- Theatrical release poster
- Directed by: Gary Rosen
- Written by: Gary Rosen
- Produced by: Matt Salinger
- Starring: Stephen Rea; Illeana Douglas; John Ritter; Dave Foley; Richard Kind; Dusty Kay; Robert Patrick; Tom Arnold;
- Cinematography: Ralf D. Bode
- Edited by: Mark Fitzgerald
- Music by: Anthony Marinelli
- Production company: Shoreline Entertainment
- Release date: September 19, 1997;
- Running time: 93 minutes
- Country: United States
- Language: English

= Hacks (1997 film) =

Hacks ( Sink or Swim and The Big Twist) is a 1997 American comedy film written and directed by Gary Rosen. The film premiered at the AFI Los Angeles Film Festival.

==Plot==

Brian is a television writer-producer who is working on creating a 22-episode show, but has writer's block and needs inspiration. He teams up with a group of writer friends to write about a sexual encounter he watches on a balcony.

He witnesses a strange romantic encounter between two figures on the balcony of a hotel near his flat and decides to write scripts with his writer friends based on what he saw.

==Cast==
- Stephen Rea as Brian
- Illeana Douglas as Georgia Feckler
- John Ritter as Hank
- Dave Foley as Neil
- Richard Kind as Benny
- Dusty Kay as Ira Gold
- Tom Arnold as Danny
- Robert Patrick as Goatee
- Ryan O'Neal as Dr.
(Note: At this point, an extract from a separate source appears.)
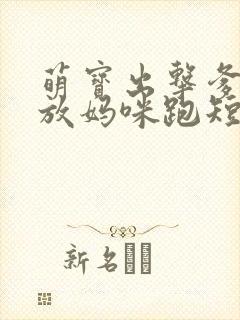 萌宝出击爹地别放妈咪跑短剧免费观看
Applefield
- Jason Priestley as The Dude
- Olivia d'Abo as Lynn
- Lisa Kudrow as Reading
- Bob Odenkirk as Cell

==Reception==
Leonard Klady of Variety magazine called it "a flip, intermittently amusing satire" and praised the cast but wrote: "the picture has little to offer in the way of insight or reflection and therefore won't translate outside of a small, insider crowd."